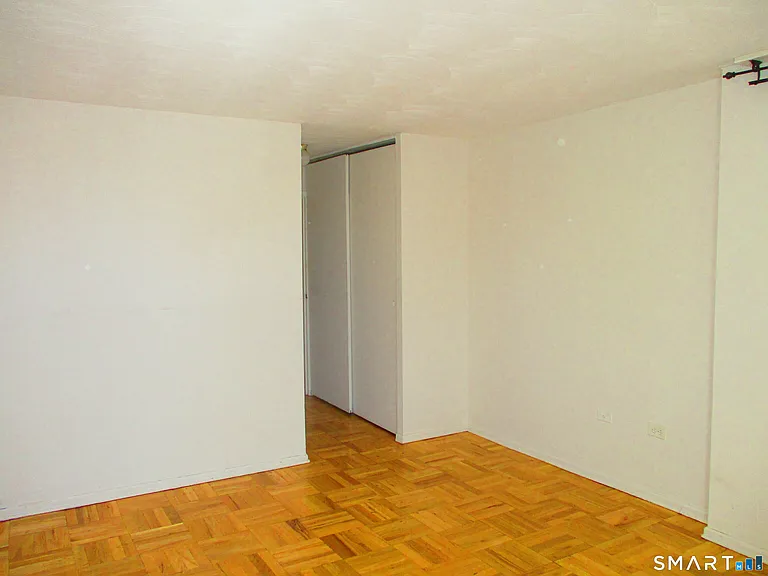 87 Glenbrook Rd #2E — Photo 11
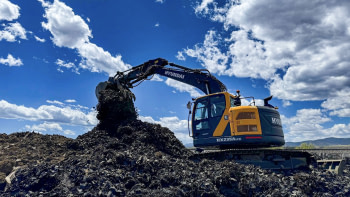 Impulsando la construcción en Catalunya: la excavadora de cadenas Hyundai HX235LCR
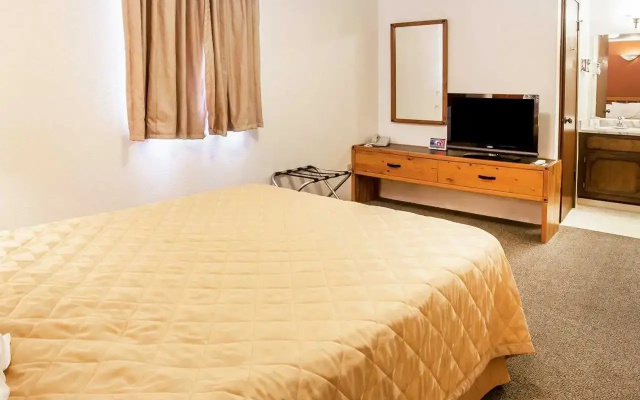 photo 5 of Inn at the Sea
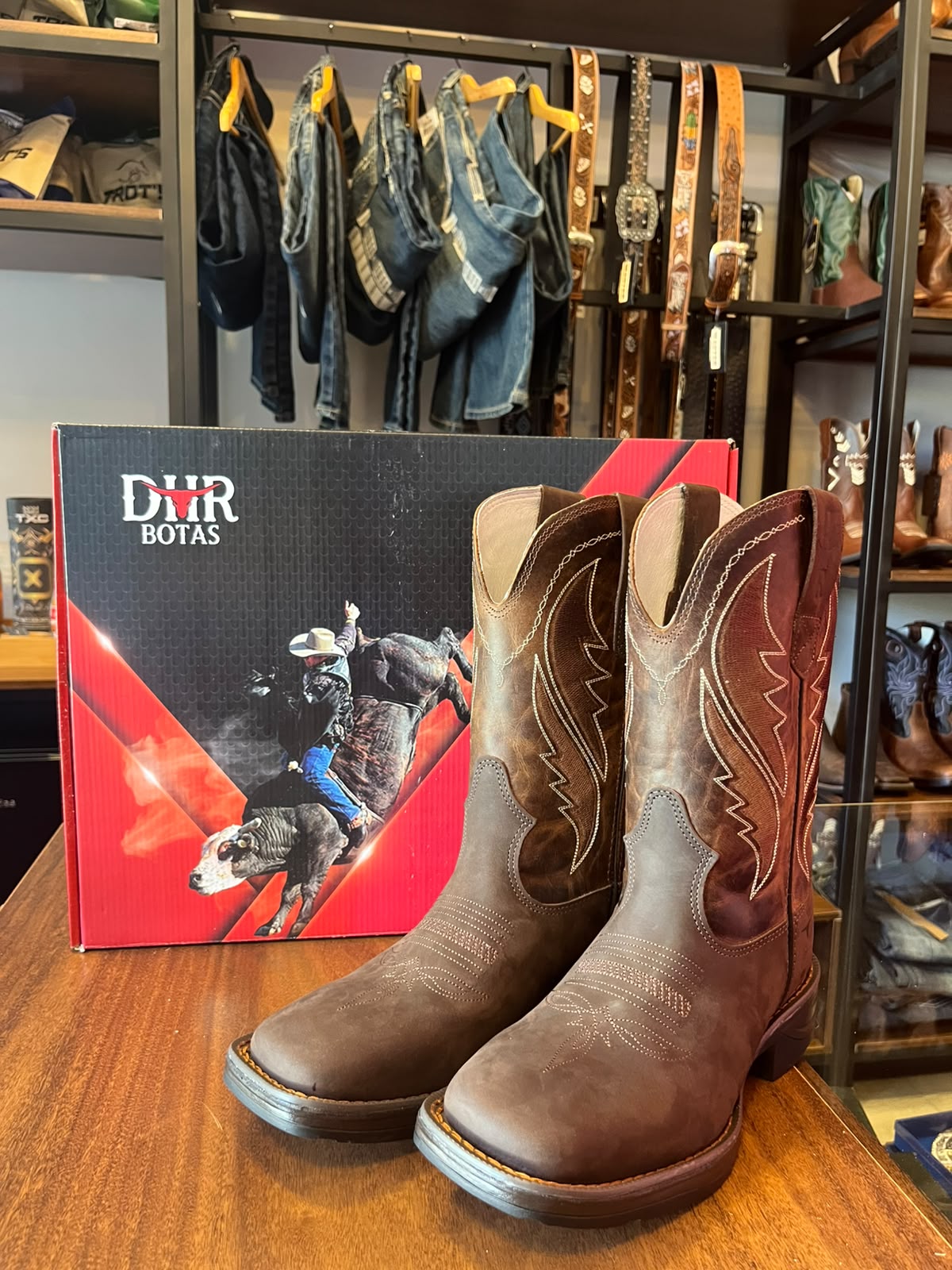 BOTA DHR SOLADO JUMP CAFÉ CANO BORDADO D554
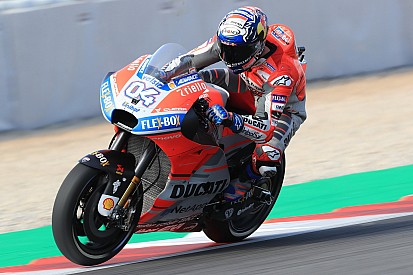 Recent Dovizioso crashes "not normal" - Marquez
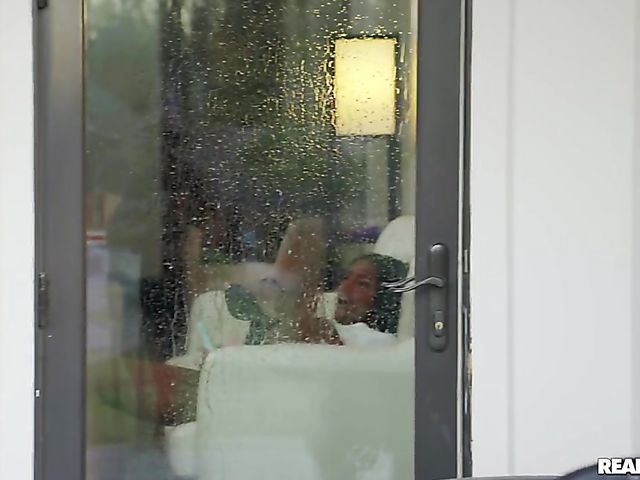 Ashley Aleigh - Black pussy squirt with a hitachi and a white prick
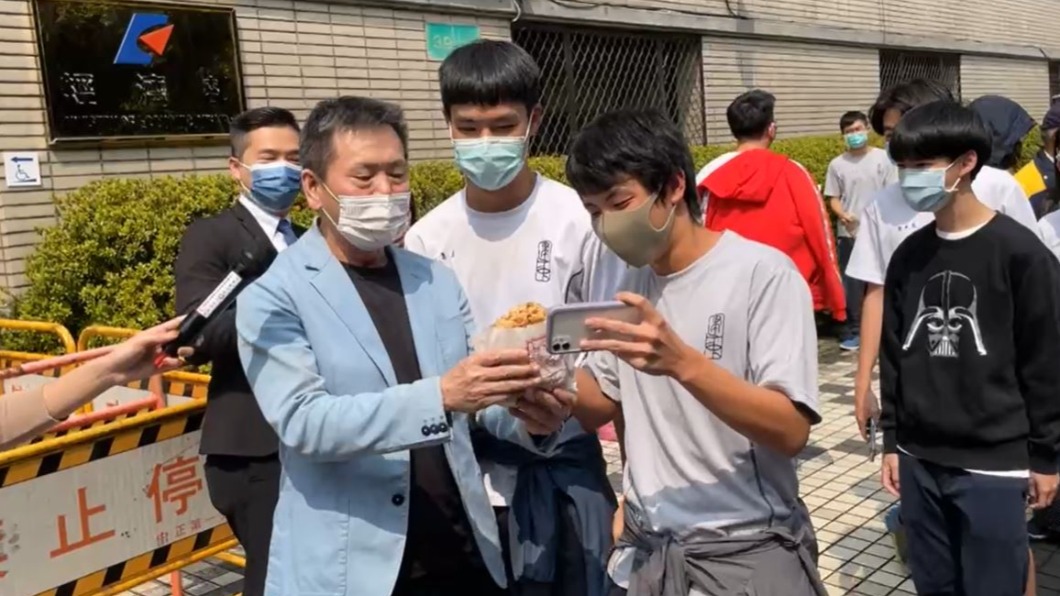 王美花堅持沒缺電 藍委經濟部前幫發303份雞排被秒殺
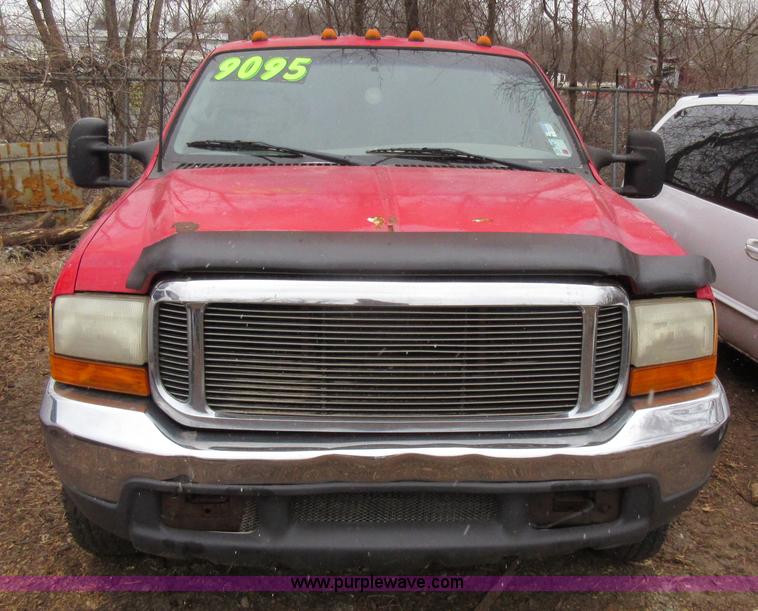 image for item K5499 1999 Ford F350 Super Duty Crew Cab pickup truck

**Directions:**
Lines from the one that holds "王美花堅持沒缺電 藍委經濟部前幫發303份雞排被秒殺" through the final line of the material are to be duplicated exactly; no pictures belong in the copy.

**Answer to the exercise:**
 王美花堅持沒缺電 藍委經濟部前幫發303份雞排被秒殺
 image for item K5499 1999 Ford F350 Super Duty Crew Cab pickup truck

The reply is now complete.